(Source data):
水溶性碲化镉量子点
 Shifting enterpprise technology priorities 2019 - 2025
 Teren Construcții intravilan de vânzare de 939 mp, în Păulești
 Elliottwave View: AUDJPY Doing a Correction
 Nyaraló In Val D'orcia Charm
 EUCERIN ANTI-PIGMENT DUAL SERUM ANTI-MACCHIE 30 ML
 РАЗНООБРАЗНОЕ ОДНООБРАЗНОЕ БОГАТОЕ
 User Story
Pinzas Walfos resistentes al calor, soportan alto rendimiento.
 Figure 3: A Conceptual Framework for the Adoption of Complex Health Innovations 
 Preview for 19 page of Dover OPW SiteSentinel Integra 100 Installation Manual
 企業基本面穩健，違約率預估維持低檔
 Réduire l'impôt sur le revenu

(WHAT IS EXPECTED):
What is needed is an exact reproduction of the data.

(TASK RESPONSE):
水溶性碲化镉量子点
 Shifting enterpprise technology priorities 2019 - 2025
 Teren Construcții intravilan de vânzare de 939 mp, în Păulești
 Elliottwave View: AUDJPY Doing a Correction
 Nyaraló In Val D'orcia Charm
 EUCERIN ANTI-PIGMENT DUAL SERUM ANTI-MACCHIE 30 ML
 РАЗНООБРАЗНОЕ ОДНООБРАЗНОЕ БОГАТОЕ
 User Story
Pinzas Walfos resistentes al calor, soportan alto rendimiento.
 Figure 3: A Conceptual Framework for the Adoption of Complex Health Innovations 
 Preview for 19 page of Dover OPW SiteSentinel Integra 100 Installation Manual
 企業基本面穩健，違約率預估維持低檔
 Réduire l'impôt sur le revenu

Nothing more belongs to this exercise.